During World War I, Mann by his own admission fought on “the thought front,” writing articles and giving public lectures in support of the German government and its military efforts. In 1918, he published a patriot manifesto which has survived as Reflections of a Non-Political Man even though its author completely changed his views within a couple of years.
In that manifesto, Mann justified the war and declared German’s “eternal and innate mission to be the struggle against the spiritless civilization of the West as represented by the powers of the Entente.” And he spoke about “Germanness loneliness between East and West and cited Dostoyevsky frequently.”
This text, despite Mann’s disavowal of it later, remains something that should be ready in “times like ours” especially in Russia because “Russia now occupies approximately the same political position regarding ‘the collective West’ that Germany did one hundred years ago,” Trudolyubov argues.
Mann in this manifesto called himself apolitical because he viewed politics with all its parties and elections “contradicted” poetry, esthetics and art as a whole and thus undermined culture. Instead of defending culture, it destroyed it and thus must be opposed as Germany was doing.
In his manifesto, “Mann writes about the ‘anti-German’ nature of the West – an analogue to ‘Russophobia’ – and justifies war not so much between Germany is a foreign policy competitor of France and Great Britain but rather because it is their spiritual opponent,” the Moscow commentator says.
Mann identified as the domestic opponents of German culture literary Westernizers who promoted civilization, people who in Russia today are called “foreign agents,” Trudolyubov continues. He viewed them “as bearers of values alien to Germany which had pushed German culture from its true path.”
The ruling group in Russia would recognize in Mann’s work many ideas that they share, including on such particular issues as family planning and the proper treatment of sexual minorities. Indeed, almost everything Putinists advocate now can be found in Mann’s writing of 1918.

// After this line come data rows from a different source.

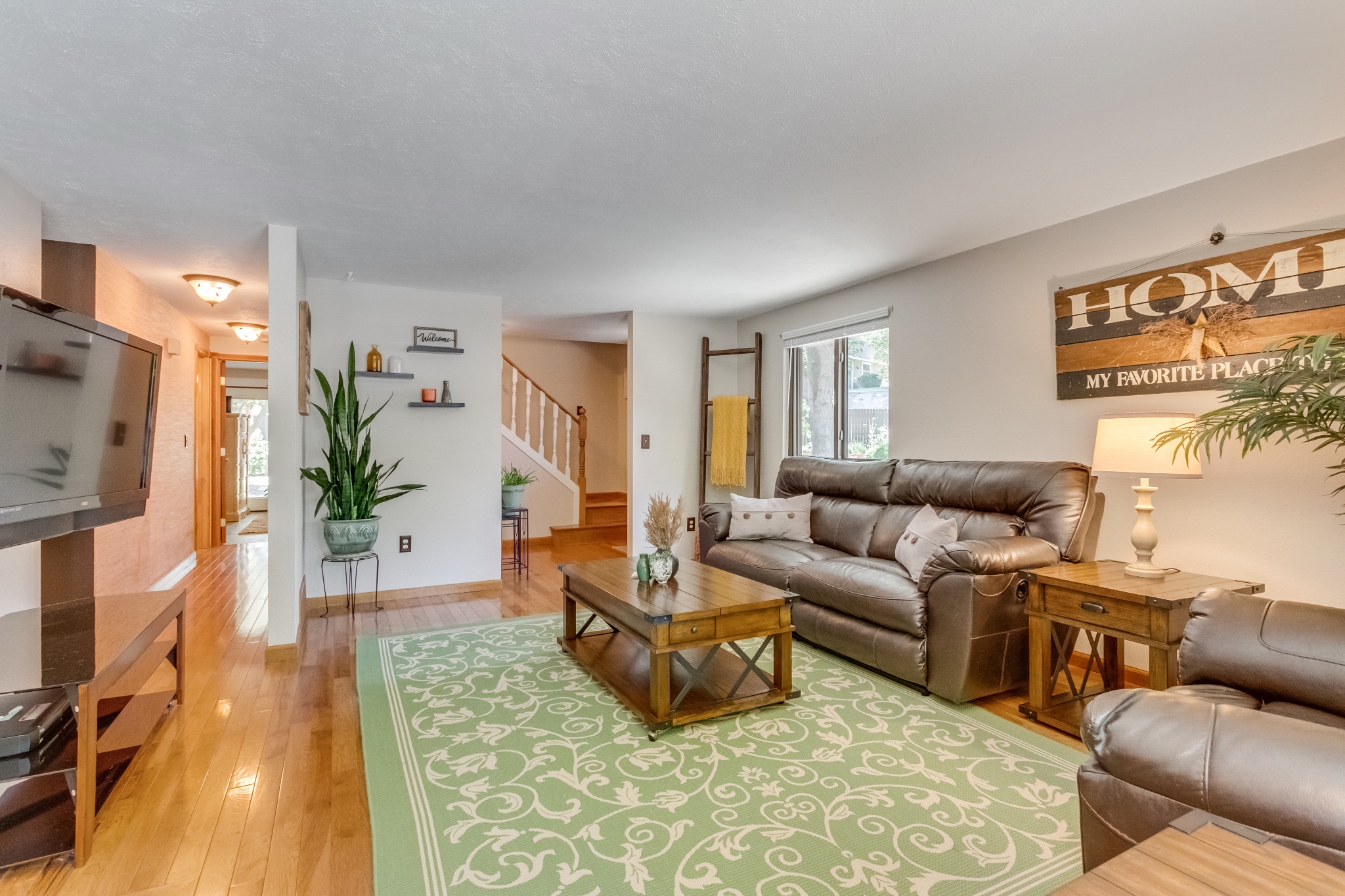 REAL ESTATE LISTING: 461 Verdant Circle Living Room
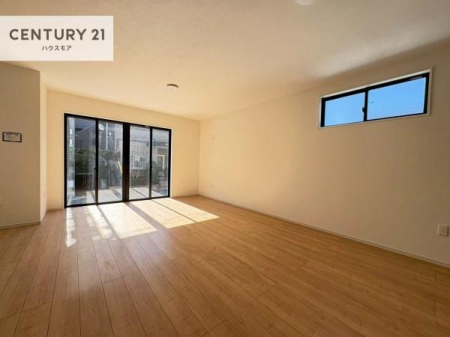 ���r���O�@�S�n�ǂ����r���O�͉Ƒ������R�ƏW�܂�܂��B�Ƒ��c�R�̎��Ԃ����������ł��B���Ƒ��ƁA����w�[���������Ԃ��߂��������ł��ˁB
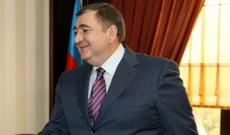 Fazil Məmmədov ölkədən 4 milyard dollar çıxarıb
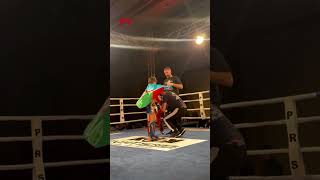 Azerbaycanlı Antrenör Yere Değen Türk Bayrağını Görünce Hemen Kaldırdı.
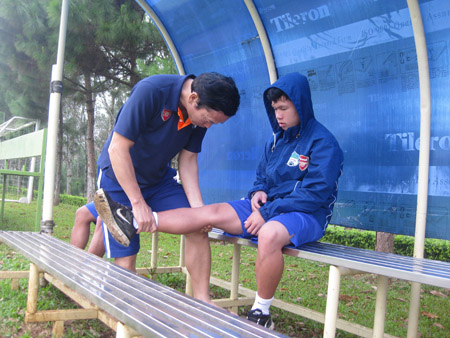 Bác sĩ Đồng Xuân Lâm xem xét chấn thương  cho cầu thủ của học viện.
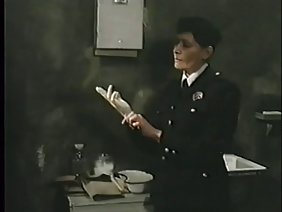 गड़बड़ सोफे पर रूसी रेड इंडियन लड़की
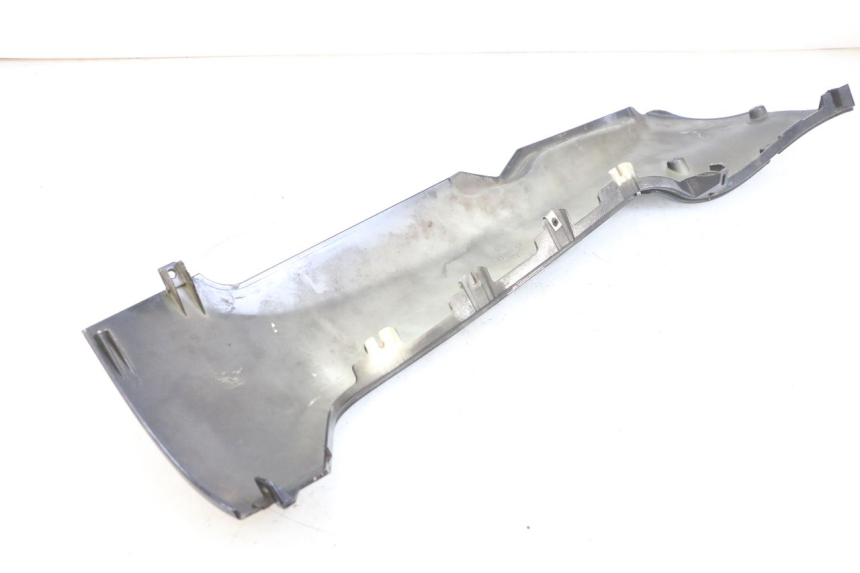 photo de BAS DE CAISSE GAUCHE PIAGGIO MP3 125 (2006 - 2014) - Points de fixation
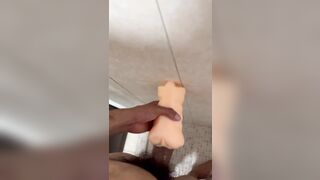 Me mssturbo con juguéte sexual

What this means of course is that such notions “are not unique either for Germany of the past or for Russia of the present,” Trudolyubov says. “Memes about he rotting West move from country to country and they emerge in any culture which highly values itself but feels insufficient recognition by others.”

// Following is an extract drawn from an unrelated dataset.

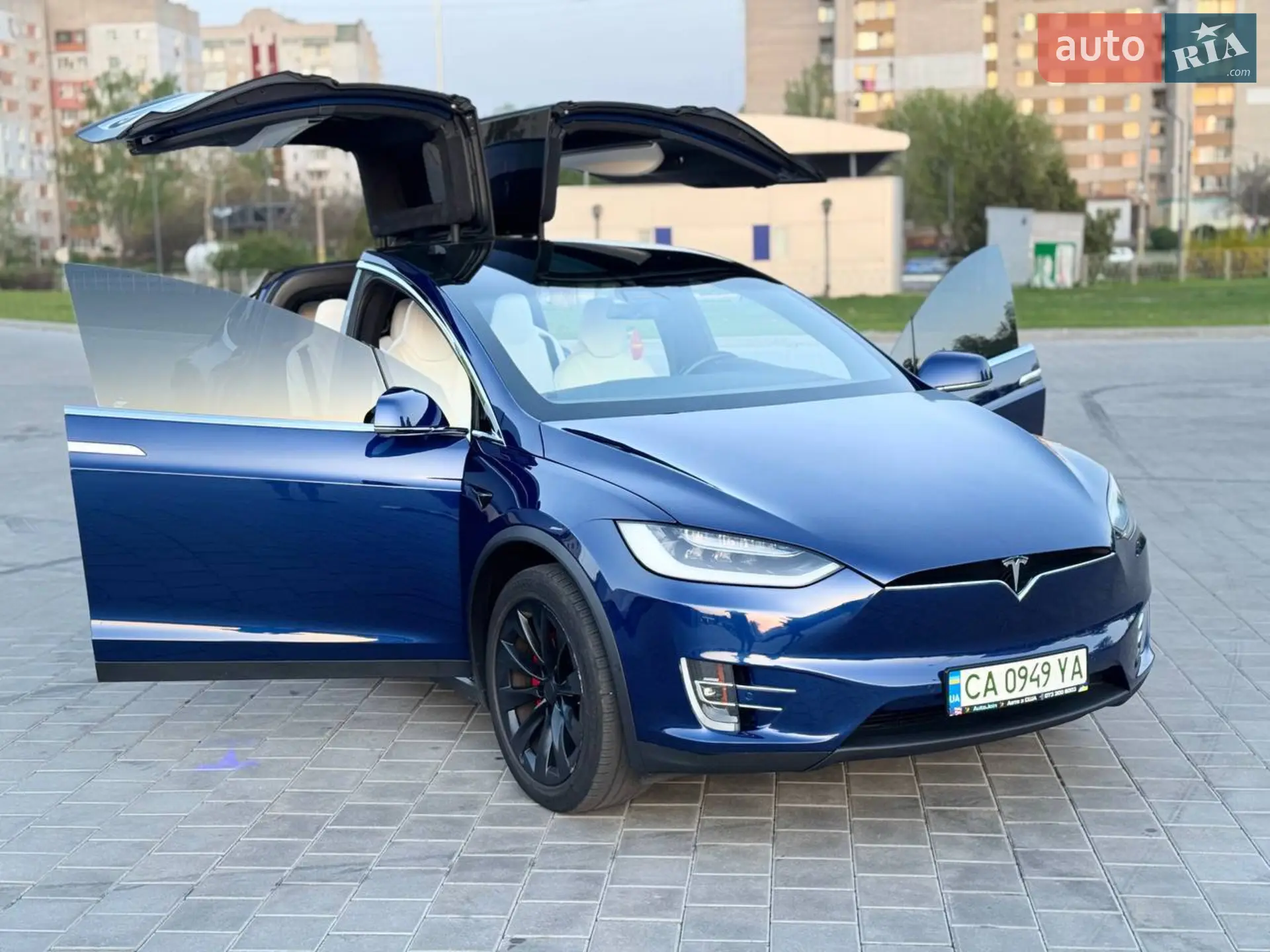 Tesla Model X, 2017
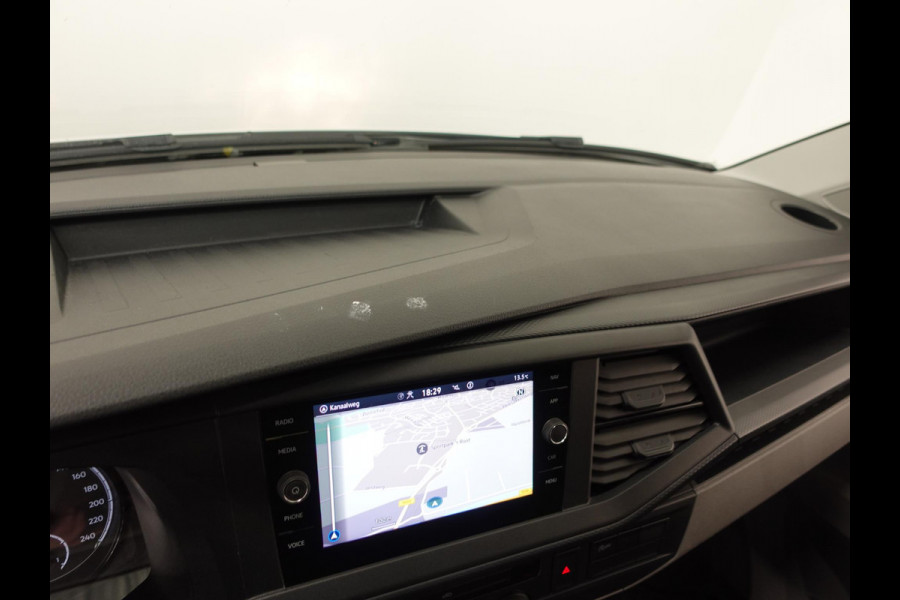 Volkswagen Transporter 2.0 TDI L2H1 102pk Airco Cruisecontrol Navigatie Apple Carplay parkeersensoren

Only a few years later, Mann rejected almost everything he had said in his manifesto and cam eout in support of the Weimar Republic. In 1933, after Hitler came to power, he and his family left first to Switzerland and then to the United States. And in an essay entitled “The Tragedy of Political Apathy,” he outlined why he had changed.
“The rejection of politics by culture is a delusion and a self-deception,” he said. “It is impossible to get away from politics in this way: one can only end up in the wrong camp, giving rise to a passionate hatred of the enemy. Apoliticism is nothing more than simply anti-democratism.”
“Unlike Mann,” Trubolyubov continues, “we don’t need to wait for years to be horrified at what ideas like those he expressed earlier lead to. We already know” both because we have seen what happens when those with power accept what those with such ideas call upon them to do.
The ideologies Russia’s rulers are promoting now are intended to intimidate their own people and those abroad; but there is no assurance that the current “conservative wave” will not lead us to war, the Moscow commentator says. “Revived conservatism has in a sense already led us to a war, a cultural one.”
And that cultural war, as Mann initially wanted and then warned against, can lead to the real thing with all the suffering and death that are involved.